The morning after Mr. Trump’s comments about “taking” Cuba earlier this week, Dmitry Peskov, a Kremlin spokesman, told reporters that Russia was in close contact with Cuba about its energy crisis and was “ready to provide all possible assistance.” Cuba, he added, is “an independent sovereign state that faces major economic difficulties due to the suffocating embargo imposed on the country.”

Russia’s help would be a massive succour to a desperate Cuba. The country’s entire electricity grid collapsed this week, leaving about 10 million people without power. Although the government managed to partially restore supply to parts of Havana, the consequences have been disastrous for ordinary Cubans. A report from the ground in Havana by The Guardian indicated that there are few cars on the roads, most airlines serving the island have suspended flights, the Canadian company Sherritt International has shuttered nickel mining operations in Cuba, state offices have closed, and schools have partly suspended classes. Many, the newspaper reported, are struggling with spoiled food, stifling heat, and sleepless children.

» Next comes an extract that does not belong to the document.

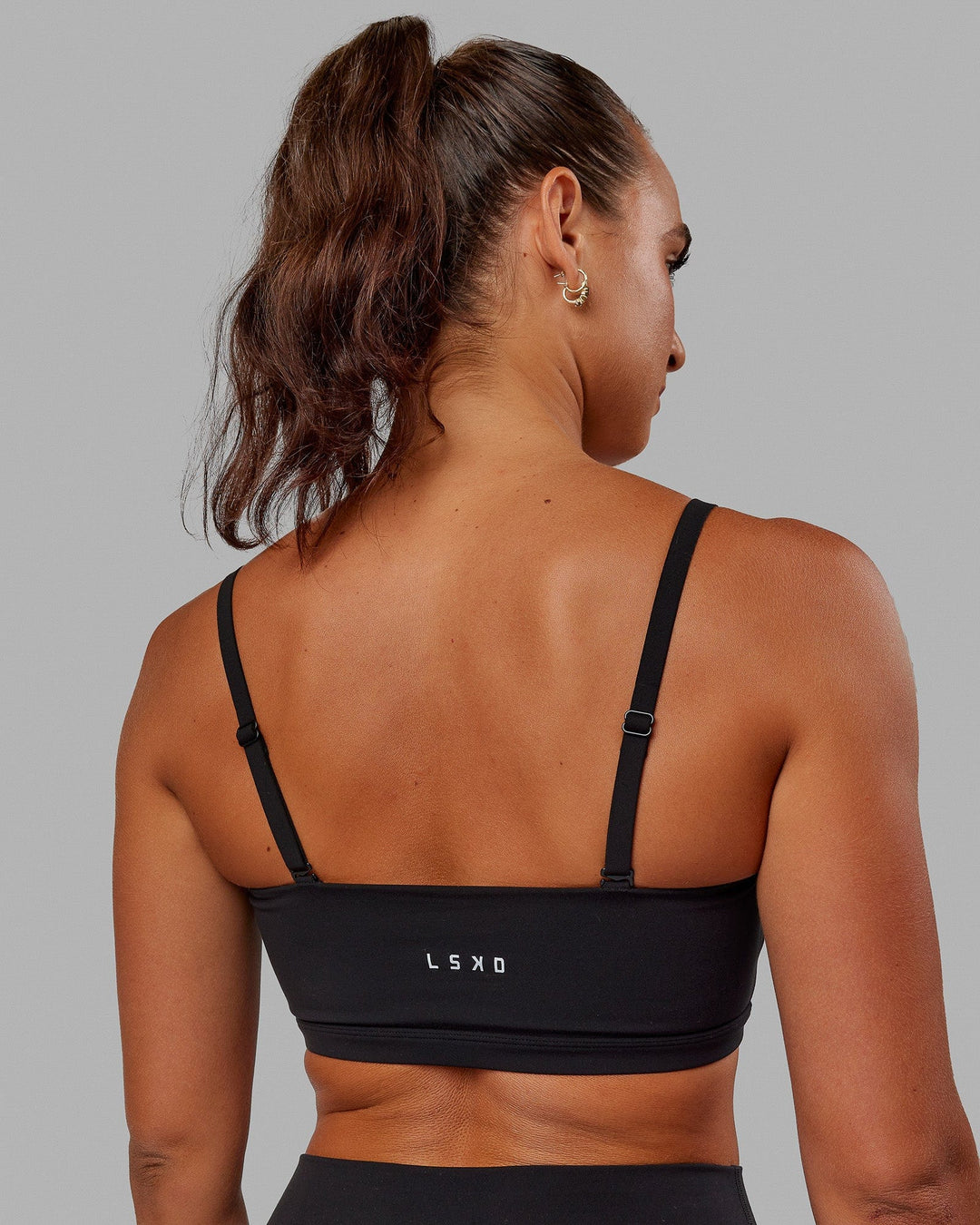 Woman wearing Inspire Sports Bra - Black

Cuba’s dependence on oil is structural: it accounts for 83% of total power generation, while oil products make up 56% of total energy consumption by industry, transport, agriculture, and households. For a country that imports roughly 80% of its food, prolonged blackouts are catastrophic as they interrupt refrigeration vital for preserving perishables. The archaic power network has been partially collapsing regularly since October 2024, with three national grid failures in the past four months alone.

None of this has deterred the Trump administration which continues to pursue criminally illegal actions. On January 29, Mr. Trump signed an executive order threatening punitive tariffs on any country selling oil to Cuba. This week, he went further, explicitly threatening to “take” the island. Cuba’s fuel supplies had been highly dependent on Venezuelan oil under the oil-for-doctors scheme instituted by Hugo Chavez. In 2022, Venezuela supplied 75% of Cuba’s oil imports; by 2023, this had dropped to 58% as Mexico emerged as a key supplier with 31%. Venezuela’s supply fell from 46,500 barrels per day in December 2025 to zero following Nicolas Maduro’s abduction in early January. After the January 29 order, Mexico also halted shipments.

Six decades of coercion

The current crisis is also the culmination of six decades of U.S. economic coercion. What Cubans call the “blockade” began in 1962 following the Cuban Revolution and nationalisation of industries. The embargo was reinforced in 1992 by the Torricelli Act, which prohibited foreign subsidiaries of U.S. firms from trading with Cuba and barred ships that had docked in Cuba from entering U.S. ports for 180 days. The 1996 Helms-Burton Act codified the embargo into law, extended sanctions to foreign companies doing business in Cuba, and allowed U.S. citizens to sue foreign investors using confiscated American property. The first Trump administration redesignated Cuba as a “State Sponsor of Terrorism” in January 2021, days before leaving office, deepening its financial exclusion from world trade. Cuban authorities have documented over 1,000 instances of foreign banks refusing services between 2021 and 2024.

In the second Trump administration, U.S. policy towards Cuba is fronted by Secretary of State Marco Rubio, the son of Cuban immigrants who left Cuba in 1956. Mr. Rubio grew up immersed in Miami’s Cuban émigré community, where deep hostility towards the socialist government has remained a powerful force. He has openly called for regime change in Havana. “This is our hemisphere,” Mr. Rubio declared on X after the Venezuela operation.

Talks and pressure

Cuba recently admitted it was in discussions with Washington D.C. and appears willing to make some economic changes. Shortly before Mr. Trump’s latest threat, Óscar Pérez-Oliva Fraga, the deputy Prime Minister, said Cuba was open to expatriate Cubans and foreign companies doing business on the island. “We’re not just talking about small enterprise, but also the possibility of being able to participate in key sectors of our development,” he told NBC.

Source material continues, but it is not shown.